Roman

In der Erinnerung klingen die Stimmen

Der Literaturnobelpreisträger 2014: Patrick Modiano
Der Literaturnobelpreisträger 2014: Patrick Modiano © picture alliance / dpa /Frédéric Dugit
Von Peter Urban-Halle |
Für seine Erinnerungskunst ist der Franzose Patrick Modiano mit dem Nobelpreis ausgezeichnet worden. In "Gräser der Nacht" schaut er zurück und erzählt eine Geschichte um die Entführung und Ermordung des marokkanischen Exilpolitikers Ben Barka im Herbst 1965.

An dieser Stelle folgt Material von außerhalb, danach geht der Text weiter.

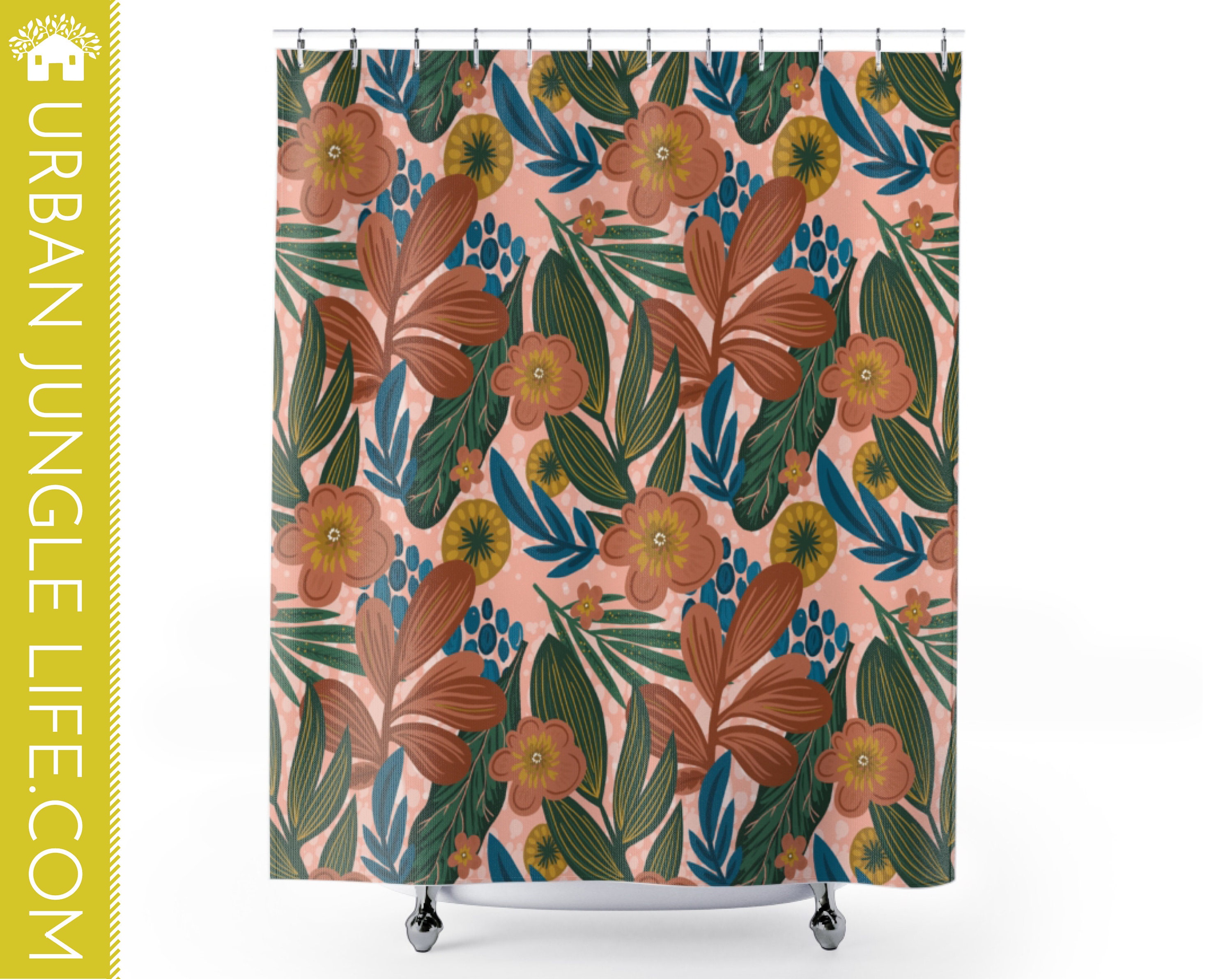 Pink Flowers And Leaves Shower Curtain For Your Plant Themed Bathroom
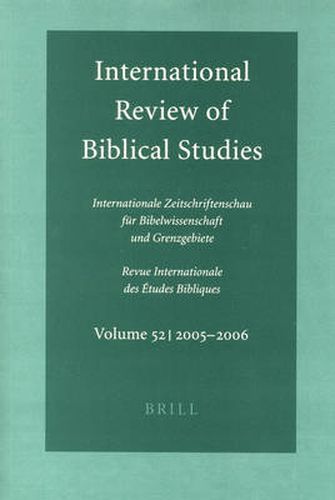 Cover image for International Review of Biblical Studies, Volume 52 (2005-2006)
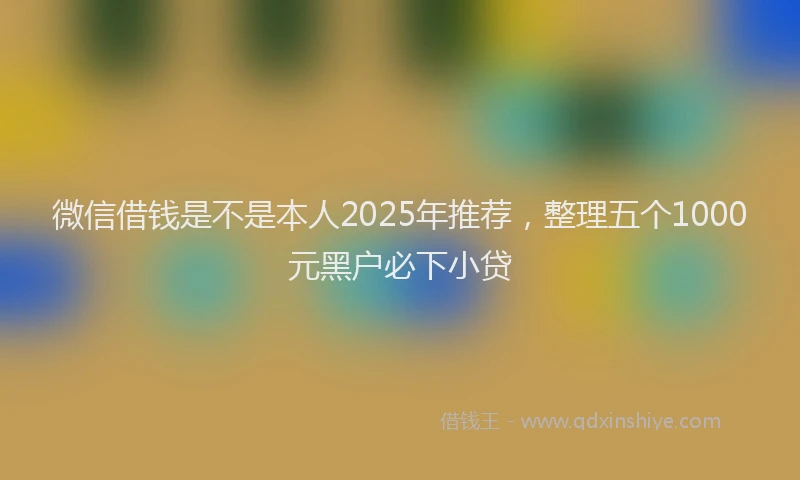 微信借钱是不是本人2025年推荐，整理五个1000元黑户必下小贷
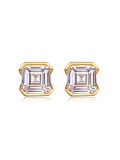 wholesale Gold-plated S925 silver emerald cut moissanite stud earrings with square minimalist design, popular style for women-0-5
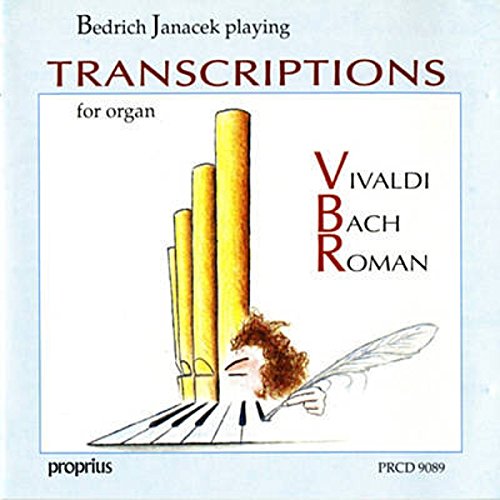 CD cover with illustration of organ pipes and man playing organ.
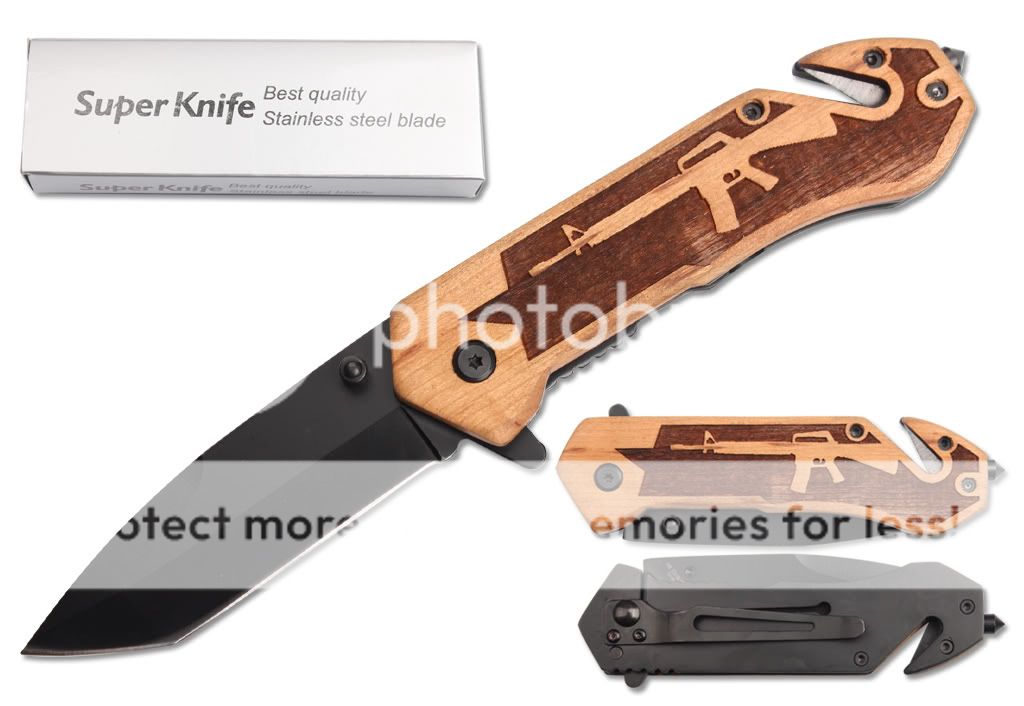 Pacific Solution 3 inch Tanto Blade Spring Assisted Folding knife, Machine Gun Carved on Wood Handle at Sears.com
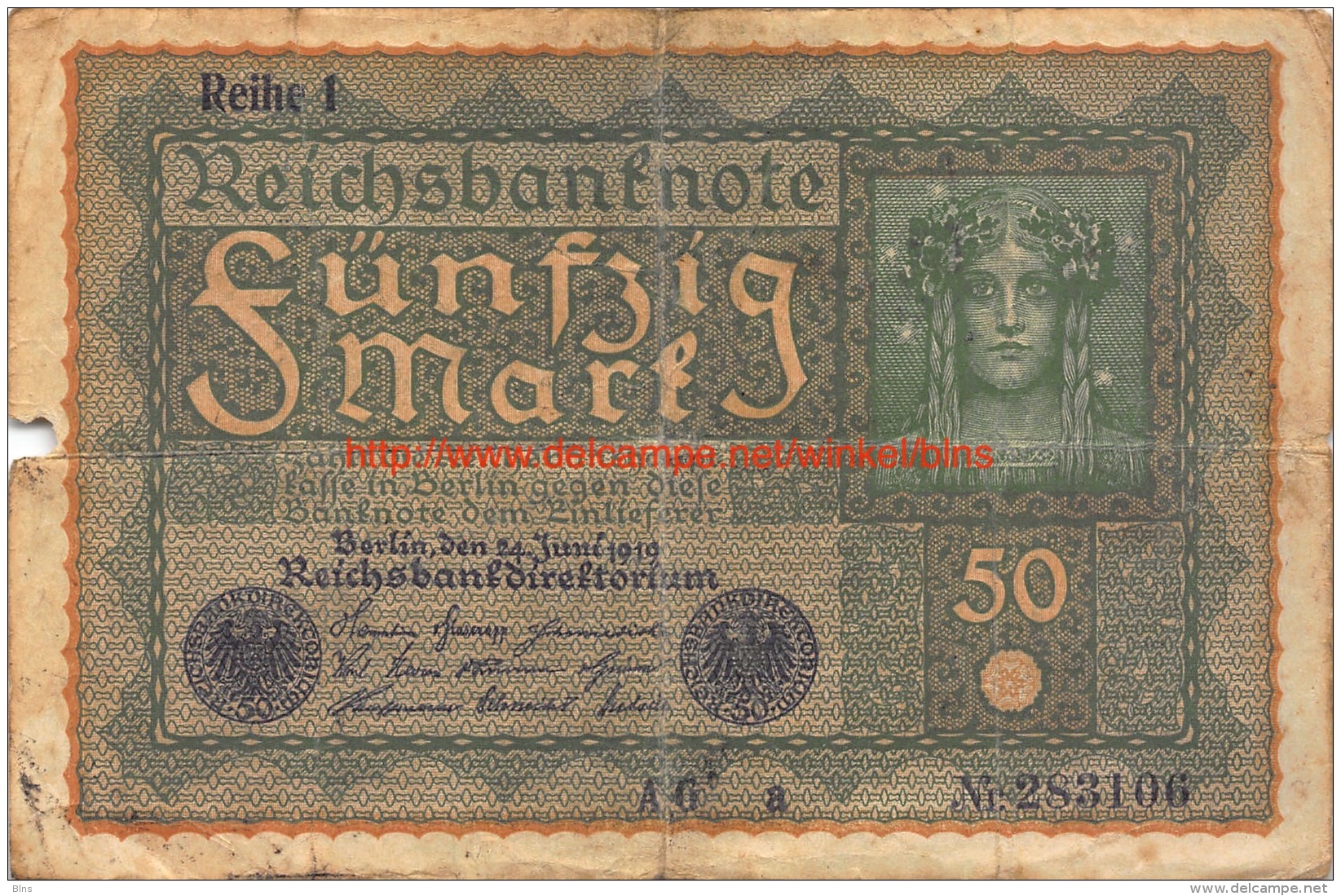 1919 Fünfzig Reichsbanknote 50 - 50 Mark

"Es war eine Manie, alles kennen zu wollen, was im Laufe der Zeit und in aufeinanderfolgenden Schichten irgendeinen Ort von Paris ausgefüllt hatte." Selten hat Patrick Modiano so deutlich eingestanden, dass er ein manischer Autor ist. Kritiker behaupten, Modiano schreibe immer das gleiche Buch. Das tut er natürlich nicht. Aber man kann von einer Art Zyklus sprechen. In einem Interview sagte er, jedes Mal, wenn ein Buch fertig sei, scheine es mit ihm unzufrieden zu sein, weil er es eigentlich nicht zu Ende geführt habe. Deshalb müsse er das nächste anfangen, um das vorhergehende abzuschließen. Alle haben sie ein großes Thema: die Erinnerung. Sie ist das, was man verloren hat und zugleich bewahrt.

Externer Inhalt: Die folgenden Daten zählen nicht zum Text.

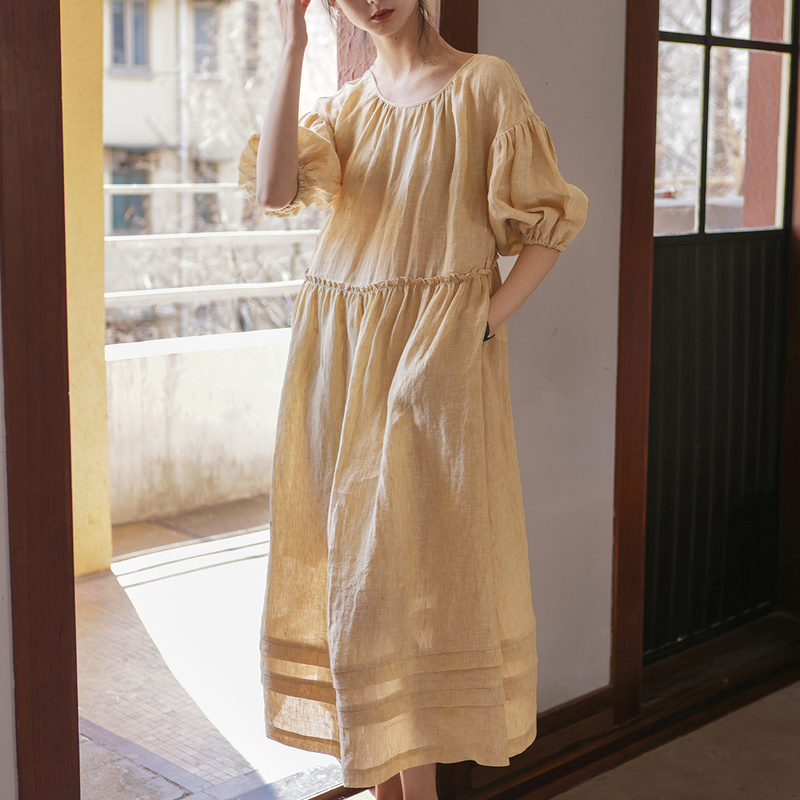 corset off the shoulder dress Plus Size Loose Waist Cotton Linen Dress 2729 – Xiaolizi main image 0
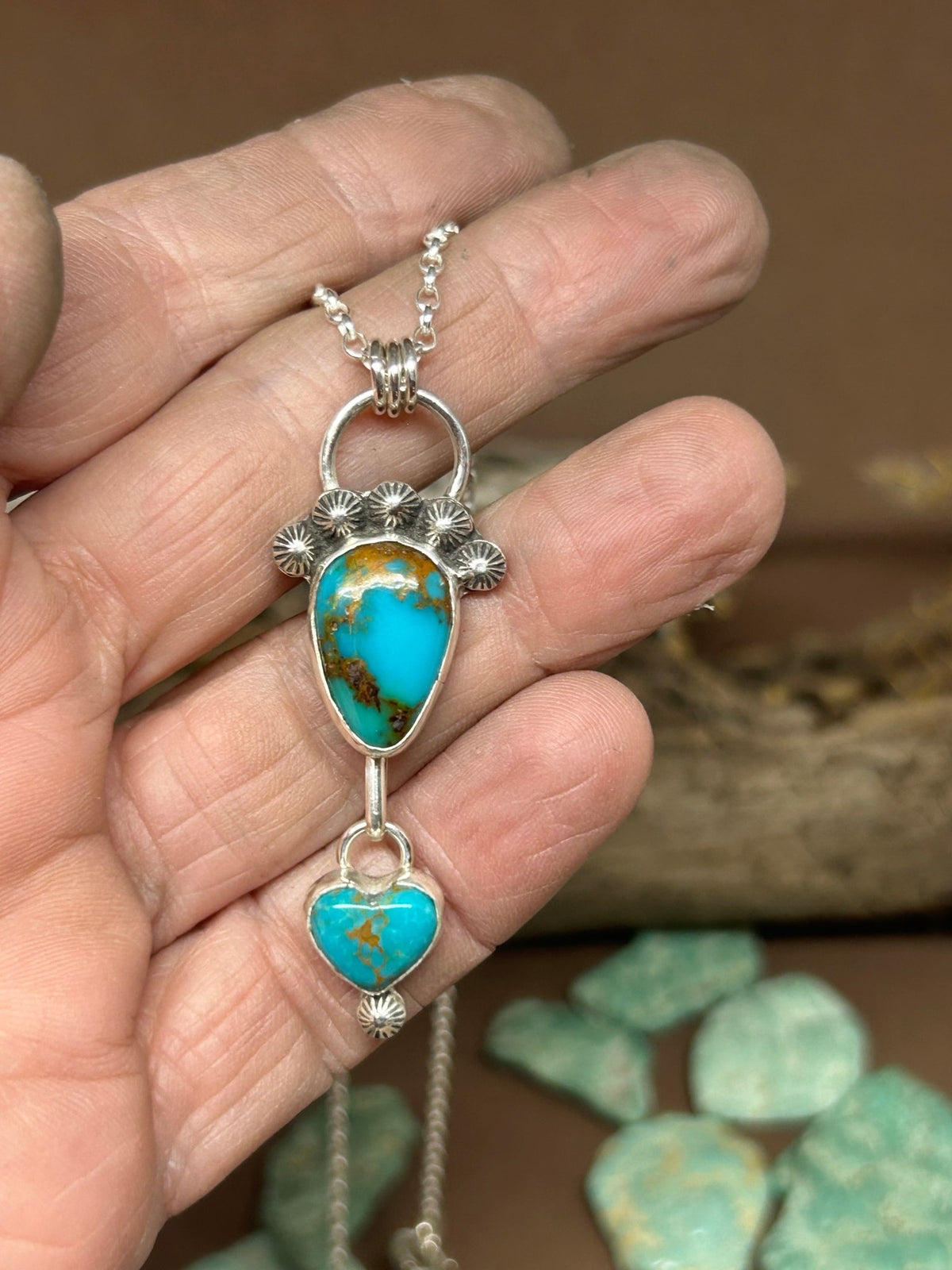 Pilot Mountain Turquoise Heart Necklace - Taylor Made Silver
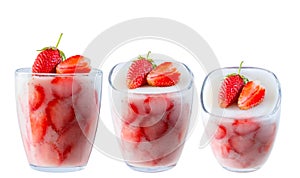 Panna cat from strawberries and cream, jelly, pudding. Isolated object on a white background. Photo, image.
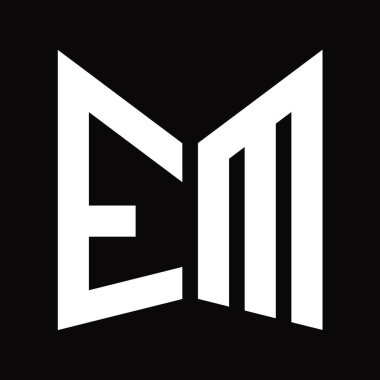 EM Logo tasarım şablonu siyah arkaplan üzerinde izole ayna kalkan şekli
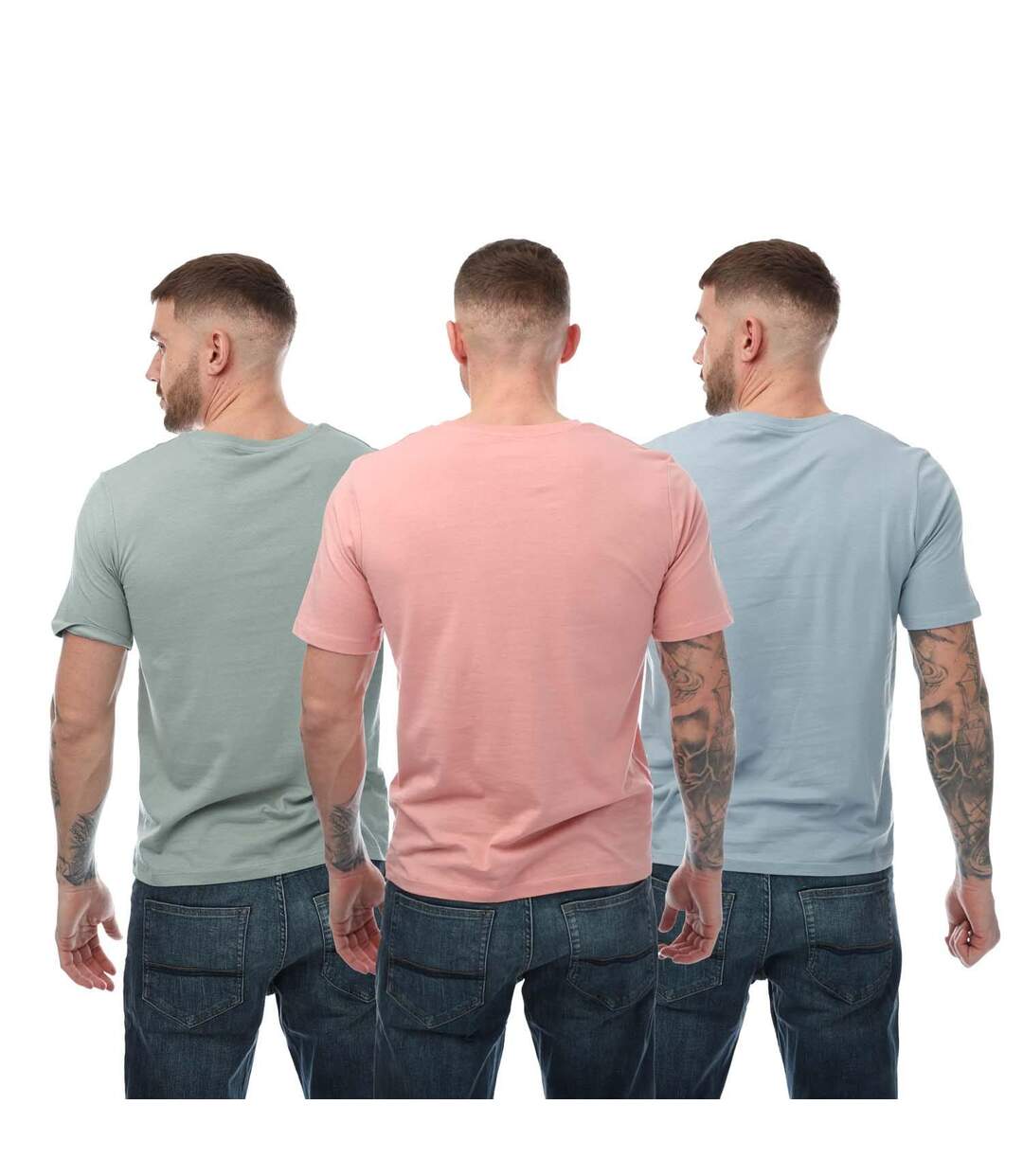T-shirts homme bleu / gris / saumon Jack And Jones-2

Der Ich-Erzähler von "Gräser der Nacht", ein Schriftsteller namens Jean, erinnert sich anhand eines schwarzen Notizbuchs an seine Pariser Zeit in den sechziger Jahren, als er mit einer mysteriösen Gruppe von Menschen verkehrte, die alle mit Marokko zu tun hatten, darunter das junge Mädchen Dannie. Jean liebt sie, aber sie bleibt undurchsichtig. Sie hat mehrere Wohnsitze, verschweigt ihren wahren Namen, ihre Aktivitäten und eine "üble Geschichte". Sicher ist nur, dass der historische Hintergrund nicht die Besatzungszeit der Kriegsjahre ist wie sonst in Modianos Romanen, sondern die skandalöse Entführung und Ermordung des marokkanischen Exilpolitikers Ben Barka im Herbst 1965, in die Dannie und ihre Freunde verstrickt zu sein scheinen.

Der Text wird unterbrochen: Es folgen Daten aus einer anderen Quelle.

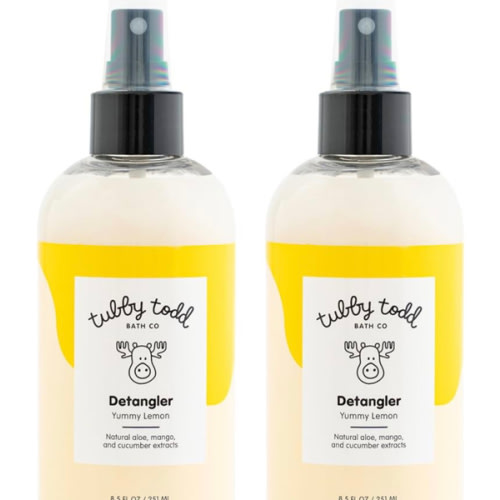 TUBBY TODD Hair Detangler Spray for Kids - Hair Detangling Spray with Baobab & Coconut Oil - Gentle & Moisturizing Kids Hair Detangler Spray - 8.5oz, 2 Pack - Lemon Crème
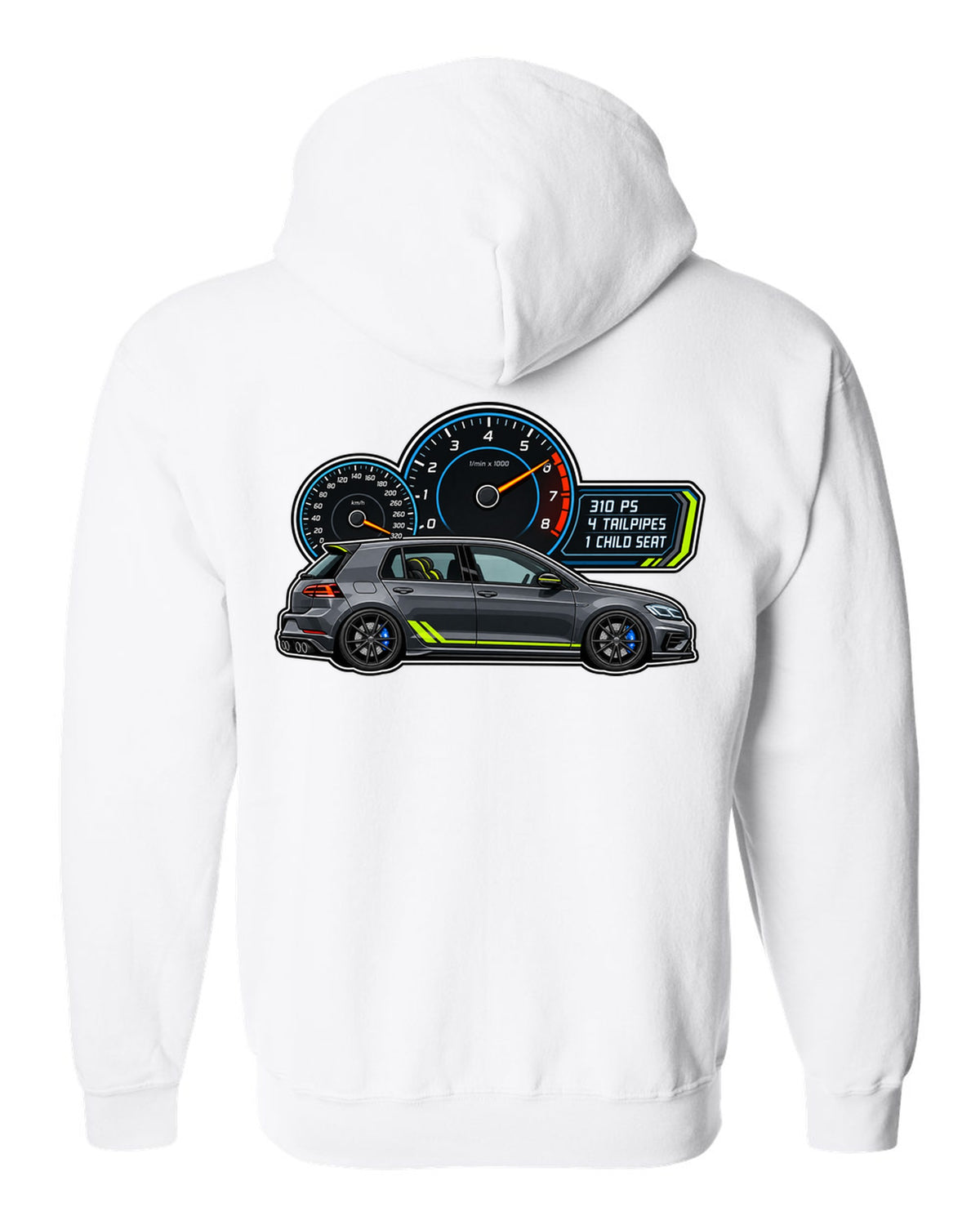 Gauge cluster style print for a VW Golf R Mk7.5 showing 310 PS 4 tailpipes 1 child seat white zip hoodie back view with the design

Erinnerungsautor Modiano misstraut der Erinnerung
Die Aufzeichnungen des Notizbuchs sind sehr exakt und unzweideutig, aber sie bleiben nur "Anhaltspunkte". Das Drumherum, die eigentliche Geschichte, die Hergänge und Ereignisse von damals sind nicht mehr so genau zu erfassen. "Aber ich habe doch nicht geträumt", lautet der erste Satz des Romans. Und doch sagt Jean später, das Damals sei "wie im Traum" gewesen. Der Erinnerungsautor Modiano misstraut der Erinnerung auf jeder Seite. In der Erinnerung klingen dem Erzähler die Stimmen "schwach wie aus dem Radio", und Gesichter sind undeutlich wie "hinter der Scheibe eines Aquariums". Dennoch erforscht er sein Gedächtnis, in dem sich Orte, Zeiten und Personen kreuzen, obsessiv. Vor allem der, wie er sagt, städtische Raum erweist sich als eine Art Palimpsest, wo sich Ereignisse, Straßen, Erinnerungen und Bilder überschneiden und überschreiben.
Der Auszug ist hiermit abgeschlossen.